- **Task details**: Below are some records. Set down exactly the line holding "a bedroom with green walls and white bedding" and every later line through the end, omitting the pictures.
.....
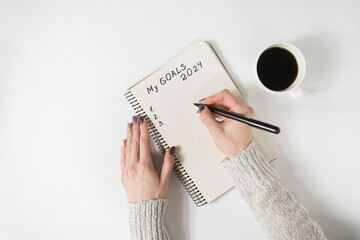 Female hands writing My Goals 2024 in a notebook. Mug of coffee on the table, top view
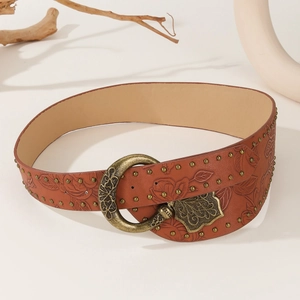 Punk style reddish brown leather belt with floral embossing and metal rivet decorations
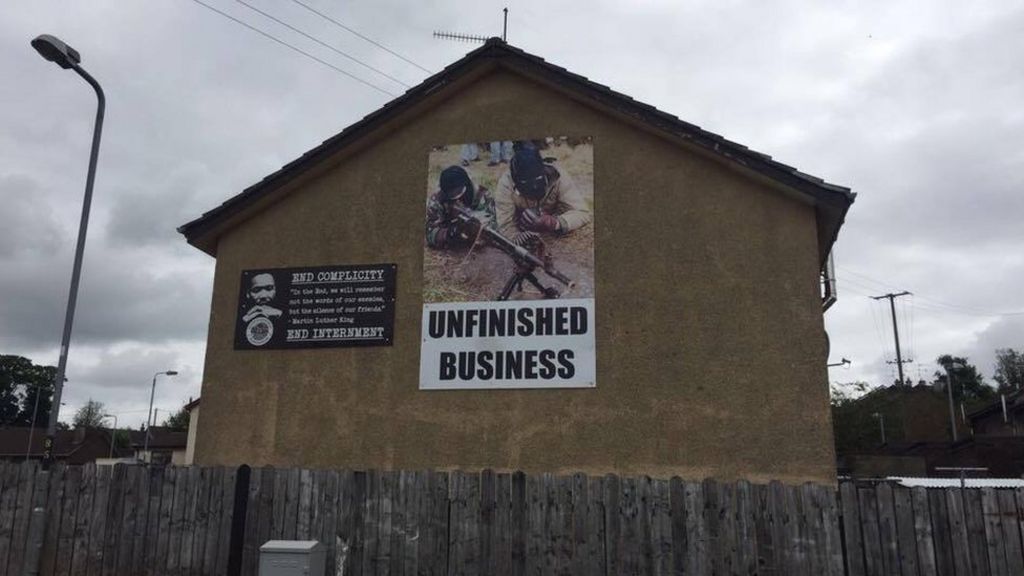 Councillor wants removal of image of masked men with guns on house wall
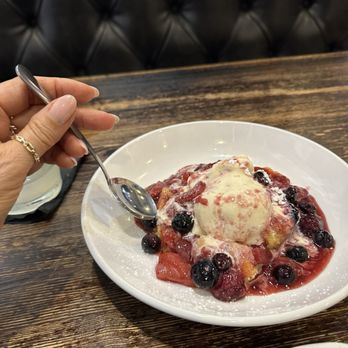 H H Cotton's - Delicious warm butter cake with vanilla ice cream and berries - Sports Bars Near Me - San Clemente, California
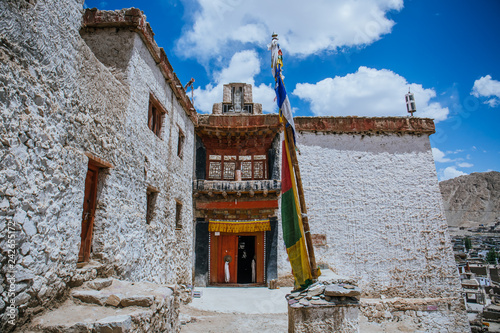 Leh palace monastery door entrance with Buddhist designs and decoration, Ladakh, India photo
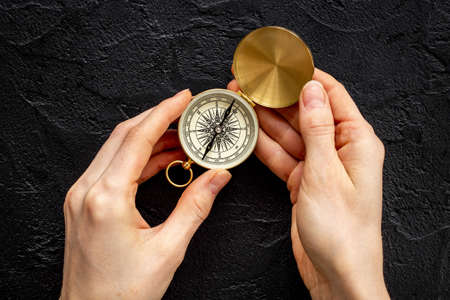 Hand holding compass. Best solution or direction conceptの写真素材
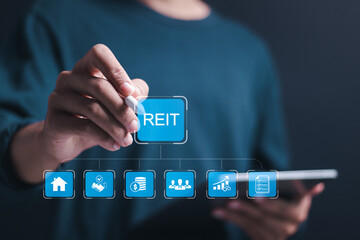 Reit, Real estate investment trust concept, Businessman use tablet with virtual reit icons for real estate management that generates continuous income. - obrazy, fototapety, plakaty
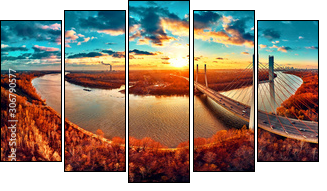 Beautiful panoramic aerial drone view to cable-stayed Siekierkowski Bridge over the Vistula river and Warsaw City skyscrapers, Poland in gold red autumn colors in November evening at sunset - Five-piece canvas, Pentaptych
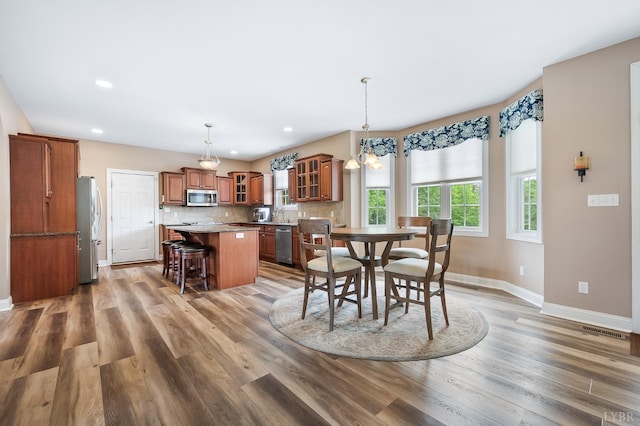 3374 Goode Station Rd, Goode, VA 24556 - dining space with baseboards, wood finished floors, and recessed lighting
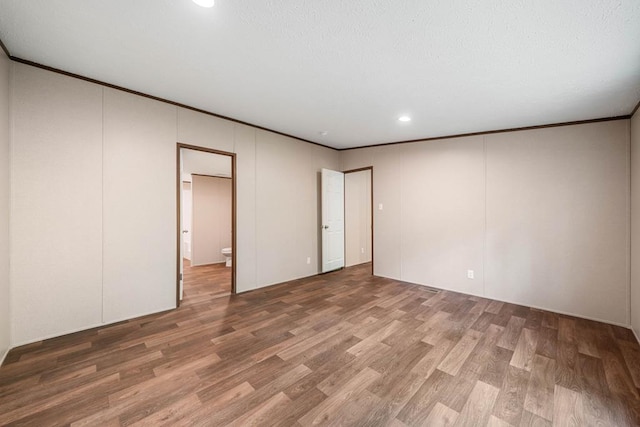 220 Jetty Dr, Ellijay, GA 30540 - spare room featuring wood finished floors, recessed lighting, and ornamental molding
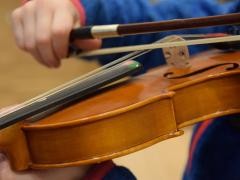 Ein Kind versucht auf einer Geige zu spielen.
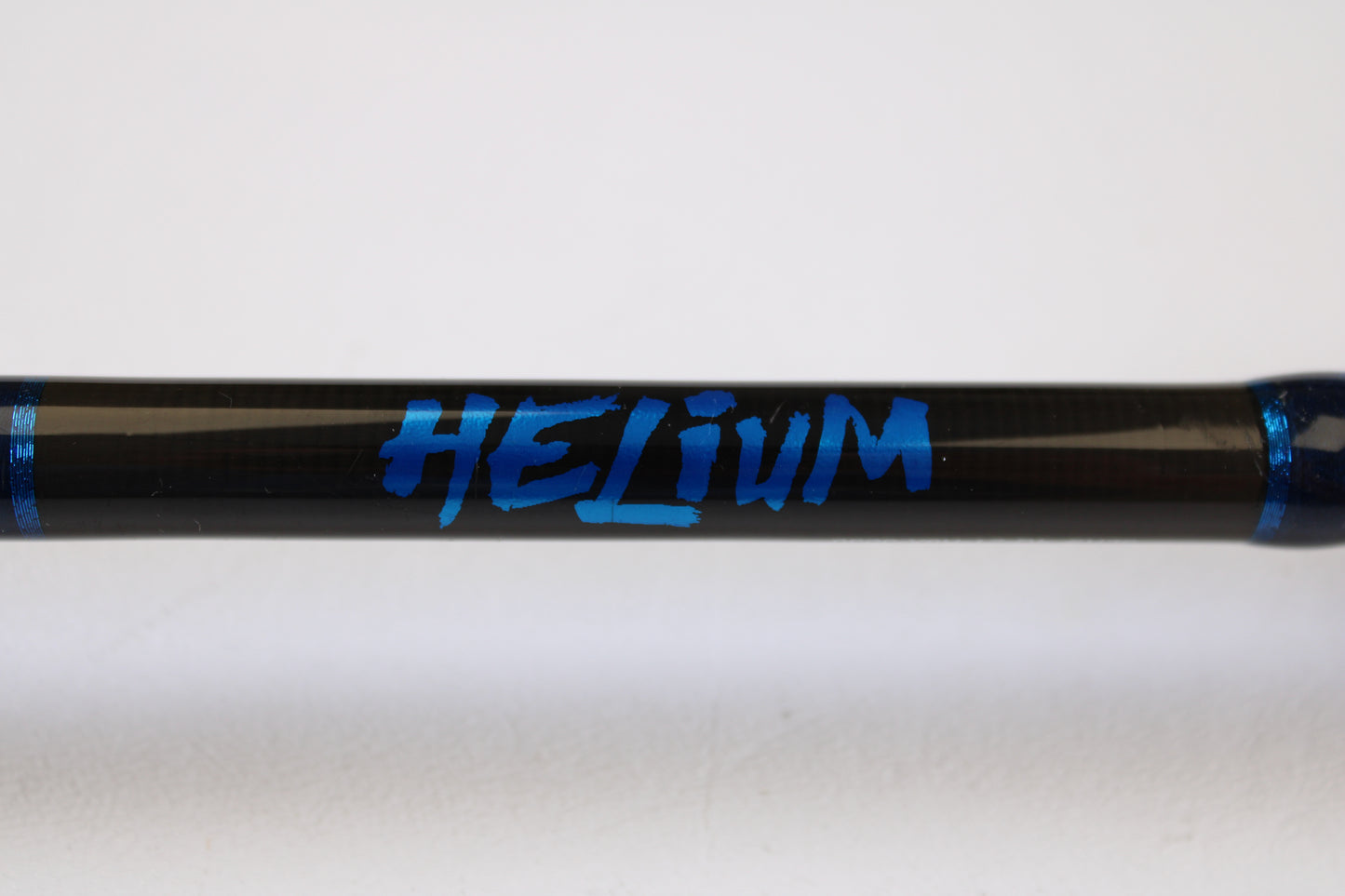 A close-up of a Kistler Helium HE703LMH 7'0" Lite Medium Heavy Used Casting Rod in excellent condition, featuring bold blue "HELIUM" graphics and blue bands—ideal for upgrading via our Rod & Reel Trade-In Program for store credit.
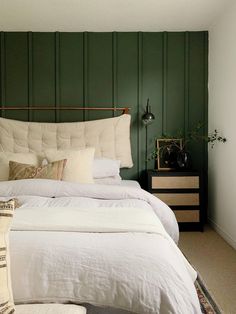 a bedroom with green walls and white bedding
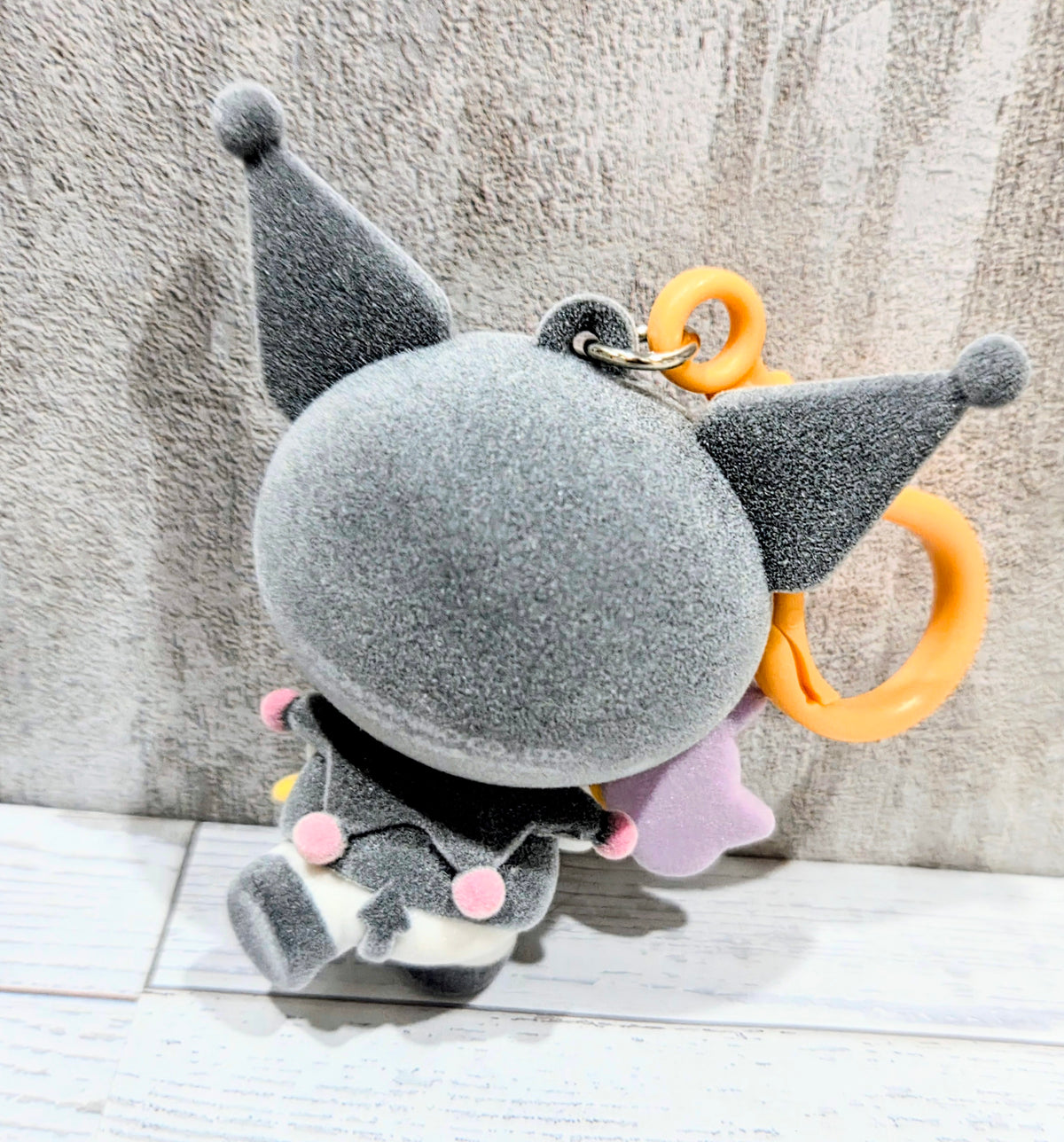 Kuromi grey plush bag clip with orange key ring and purple wing accents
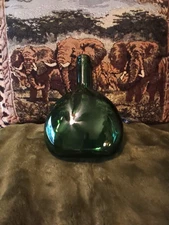 Green glass tear drop shaped decor bottle.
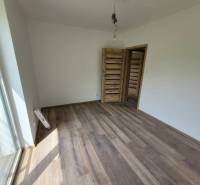 A room in a family house with a wooden decor floor and wooden doors.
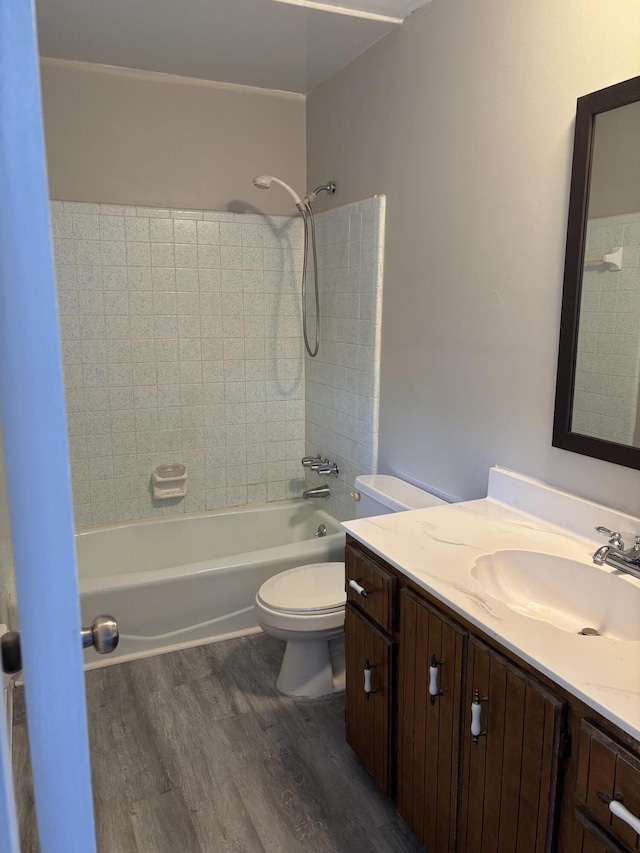 full bathroom with hardwood / wood-style flooring, tiled shower / bath combo, toilet, and vanity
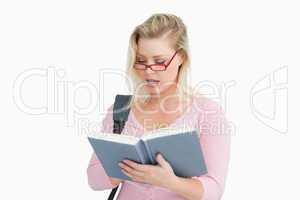 Serious woman reading a book while wearing glasses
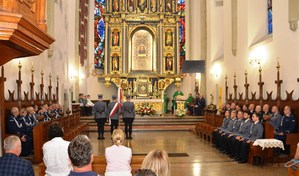 ołtarz, w ławach policjanci i osoby uczestniczące we mszy świętej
.....
- **Response box**:
 a bedroom with green walls and white bedding
 Kuromi grey plush bag clip with orange key ring and purple wing accents
 Green glass tear drop shaped decor bottle.
 A room in a family house with a wooden decor floor and wooden doors.
 full bathroom with hardwood / wood-style flooring, tiled shower / bath combo, toilet, and vanity
 Serious woman reading a book while wearing glasses
 ołtarz, w ławach policjanci i osoby uczestniczące we mszy świętej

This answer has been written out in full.